The majority of key studies modelling emissions from indirect changes in the use of land (ILUC) show that palm oil has higher ILUC emissions than any other feedstocks for biodiesel, followed by soy oil. The Globiom study for the European Commission revealed that biodiesel from palm oil is three times worse for the climate than regular diesel while soy oil diesel is two times worse. T&E deplores that the Commission arbitrarily exempted soy – a major contributor to deforestation worldwide – from the high ILUC risk category.
Laura Buffet, clean fuels manager of T&E, said: “The Commission sends an important signal by deciding that palm oil diesel is not sustainable. But it gives with one hand what it takes away with the other. You can’t label palm oil diesel as unsustainable, then open a loophole as big as the current consumption levels and think people won’t notice.

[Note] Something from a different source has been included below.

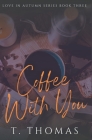 Coffee With You By T. Thomas Cover Image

This decision is arbitrary, breaks the mandate the Commission had gotten from ministers and the European Parliament, and ignores the massive public support for ending the palm oil diesel nonsense.”
Back in June last year, the EU Parliament and national governments agreed to progressively phase out the use of the highest emitting biofuels or “high ILUC risk” biofuels by 2030. In a concession to palm oil producing nations the phase out will only start in 2023. Until then ‘high ILUC risk’ biofuels consumption cannot grow above each EU country’s 2019 consumption levels and should gradually decrease from 2023 onwards until reaching 0% in 2030. Biofuels based on crops falling into the high ILUC risk category which can demonstrate they are “low ILUC risk” will not be phased out from the targets.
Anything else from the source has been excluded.